● **AIM OF THE TASK**
Each entry is to be output as written, so that none is missing.

● **INPUT DATA**
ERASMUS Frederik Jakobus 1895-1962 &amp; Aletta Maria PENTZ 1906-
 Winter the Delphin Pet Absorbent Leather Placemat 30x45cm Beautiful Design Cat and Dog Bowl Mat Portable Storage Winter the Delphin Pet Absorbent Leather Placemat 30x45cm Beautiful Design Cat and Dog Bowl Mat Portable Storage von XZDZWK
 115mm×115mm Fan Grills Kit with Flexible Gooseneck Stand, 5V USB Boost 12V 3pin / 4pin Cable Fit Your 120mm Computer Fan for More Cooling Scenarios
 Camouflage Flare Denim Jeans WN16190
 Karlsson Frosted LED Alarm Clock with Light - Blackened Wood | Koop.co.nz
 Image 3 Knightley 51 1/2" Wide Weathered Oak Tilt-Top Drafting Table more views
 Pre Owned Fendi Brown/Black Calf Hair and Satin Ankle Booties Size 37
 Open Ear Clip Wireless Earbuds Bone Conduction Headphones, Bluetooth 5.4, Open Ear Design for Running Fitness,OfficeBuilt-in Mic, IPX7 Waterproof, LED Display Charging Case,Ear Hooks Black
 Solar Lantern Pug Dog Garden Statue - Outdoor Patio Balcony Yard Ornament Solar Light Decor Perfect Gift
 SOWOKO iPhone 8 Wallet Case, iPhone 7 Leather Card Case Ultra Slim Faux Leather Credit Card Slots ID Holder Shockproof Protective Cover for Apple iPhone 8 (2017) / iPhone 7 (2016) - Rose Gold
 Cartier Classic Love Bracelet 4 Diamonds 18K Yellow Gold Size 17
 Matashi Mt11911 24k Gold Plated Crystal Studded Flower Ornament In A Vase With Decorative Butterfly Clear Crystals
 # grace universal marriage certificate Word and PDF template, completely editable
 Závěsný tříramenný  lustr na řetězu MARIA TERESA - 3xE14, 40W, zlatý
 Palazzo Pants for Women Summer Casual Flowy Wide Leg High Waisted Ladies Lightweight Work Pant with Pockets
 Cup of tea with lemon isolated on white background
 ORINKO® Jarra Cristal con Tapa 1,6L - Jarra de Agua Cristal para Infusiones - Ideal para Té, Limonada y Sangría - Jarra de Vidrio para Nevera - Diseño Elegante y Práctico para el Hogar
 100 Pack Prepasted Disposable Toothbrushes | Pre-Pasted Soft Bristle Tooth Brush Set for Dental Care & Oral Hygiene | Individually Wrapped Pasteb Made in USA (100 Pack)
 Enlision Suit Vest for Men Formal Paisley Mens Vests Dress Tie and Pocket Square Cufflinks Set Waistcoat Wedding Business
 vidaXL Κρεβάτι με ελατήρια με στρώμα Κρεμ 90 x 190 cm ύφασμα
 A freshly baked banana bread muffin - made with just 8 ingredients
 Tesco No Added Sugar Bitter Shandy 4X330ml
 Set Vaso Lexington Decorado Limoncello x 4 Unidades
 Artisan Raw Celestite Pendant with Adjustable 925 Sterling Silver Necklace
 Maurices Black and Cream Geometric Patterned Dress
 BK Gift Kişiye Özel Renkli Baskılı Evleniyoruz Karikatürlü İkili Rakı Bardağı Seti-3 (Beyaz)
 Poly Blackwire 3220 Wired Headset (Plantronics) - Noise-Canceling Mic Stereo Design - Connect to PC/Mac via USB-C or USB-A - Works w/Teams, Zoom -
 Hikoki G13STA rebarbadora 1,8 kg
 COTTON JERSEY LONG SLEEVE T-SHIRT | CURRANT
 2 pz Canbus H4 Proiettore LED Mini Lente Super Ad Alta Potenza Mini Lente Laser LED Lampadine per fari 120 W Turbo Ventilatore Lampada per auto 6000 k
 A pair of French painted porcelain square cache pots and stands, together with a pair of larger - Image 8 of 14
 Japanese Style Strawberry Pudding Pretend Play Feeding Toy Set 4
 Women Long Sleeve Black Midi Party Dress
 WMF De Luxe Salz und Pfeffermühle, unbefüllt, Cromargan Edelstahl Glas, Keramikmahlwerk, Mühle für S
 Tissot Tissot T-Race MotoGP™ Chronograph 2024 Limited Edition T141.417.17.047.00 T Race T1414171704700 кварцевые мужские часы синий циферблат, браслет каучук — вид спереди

● **ANSWER BOX**
ERASMUS Frederik Jakobus 1895-1962 &amp; Aletta Maria PENTZ 1906-
 Winter the Delphin Pet Absorbent Leather Placemat 30x45cm Beautiful Design Cat and Dog Bowl Mat Portable Storage Winter the Delphin Pet Absorbent Leather Placemat 30x45cm Beautiful Design Cat and Dog Bowl Mat Portable Storage von XZDZWK
 115mm×115mm Fan Grills Kit with Flexible Gooseneck Stand, 5V USB Boost 12V 3pin / 4pin Cable Fit Your 120mm Computer Fan for More Cooling Scenarios
 Camouflage Flare Denim Jeans WN16190
 Karlsson Frosted LED Alarm Clock with Light - Blackened Wood | Koop.co.nz
 Image 3 Knightley 51 1/2" Wide Weathered Oak Tilt-Top Drafting Table more views
 Pre Owned Fendi Brown/Black Calf Hair and Satin Ankle Booties Size 37
 Open Ear Clip Wireless Earbuds Bone Conduction Headphones, Bluetooth 5.4, Open Ear Design for Running Fitness,OfficeBuilt-in Mic, IPX7 Waterproof, LED Display Charging Case,Ear Hooks Black
 Solar Lantern Pug Dog Garden Statue - Outdoor Patio Balcony Yard Ornament Solar Light Decor Perfect Gift
 SOWOKO iPhone 8 Wallet Case, iPhone 7 Leather Card Case Ultra Slim Faux Leather Credit Card Slots ID Holder Shockproof Protective Cover for Apple iPhone 8 (2017) / iPhone 7 (2016) - Rose Gold
 Cartier Classic Love Bracelet 4 Diamonds 18K Yellow Gold Size 17
 Matashi Mt11911 24k Gold Plated Crystal Studded Flower Ornament In A Vase With Decorative Butterfly Clear Crystals
 # grace universal marriage certificate Word and PDF template, completely editable
 Závěsný tříramenný  lustr na řetězu MARIA TERESA - 3xE14, 40W, zlatý
 Palazzo Pants for Women Summer Casual Flowy Wide Leg High Waisted Ladies Lightweight Work Pant with Pockets
 Cup of tea with lemon isolated on white background
 ORINKO® Jarra Cristal con Tapa 1,6L - Jarra de Agua Cristal para Infusiones - Ideal para Té, Limonada y Sangría - Jarra de Vidrio para Nevera - Diseño Elegante y Práctico para el Hogar
 100 Pack Prepasted Disposable Toothbrushes | Pre-Pasted Soft Bristle Tooth Brush Set for Dental Care & Oral Hygiene | Individually Wrapped Pasteb Made in USA (100 Pack)
 Enlision Suit Vest for Men Formal Paisley Mens Vests Dress Tie and Pocket Square Cufflinks Set Waistcoat Wedding Business
 vidaXL Κρεβάτι με ελατήρια με στρώμα Κρεμ 90 x 190 cm ύφασμα
 A freshly baked banana bread muffin - made with just 8 ingredients
 Tesco No Added Sugar Bitter Shandy 4X330ml
 Set Vaso Lexington Decorado Limoncello x 4 Unidades
 Artisan Raw Celestite Pendant with Adjustable 925 Sterling Silver Necklace
 Maurices Black and Cream Geometric Patterned Dress
 BK Gift Kişiye Özel Renkli Baskılı Evleniyoruz Karikatürlü İkili Rakı Bardağı Seti-3 (Beyaz)
 Poly Blackwire 3220 Wired Headset (Plantronics) - Noise-Canceling Mic Stereo Design - Connect to PC/Mac via USB-C or USB-A - Works w/Teams, Zoom -
 Hikoki G13STA rebarbadora 1,8 kg
 COTTON JERSEY LONG SLEEVE T-SHIRT | CURRANT
 2 pz Canbus H4 Proiettore LED Mini Lente Super Ad Alta Potenza Mini Lente Laser LED Lampadine per fari 120 W Turbo Ventilatore Lampada per auto 6000 k
 A pair of French painted porcelain square cache pots and stands, together with a pair of larger - Image 8 of 14
 Japanese Style Strawberry Pudding Pretend Play Feeding Toy Set 4
 Women Long Sleeve Black Midi Party Dress
 WMF De Luxe Salz und Pfeffermühle, unbefüllt, Cromargan Edelstahl Glas, Keramikmahlwerk, Mühle für S
 Tissot Tissot T-Race MotoGP™ Chronograph 2024 Limited Edition T141.417.17.047.00 T Race T1414171704700 кварцевые мужские часы синий циферблат, браслет каучук — вид спереди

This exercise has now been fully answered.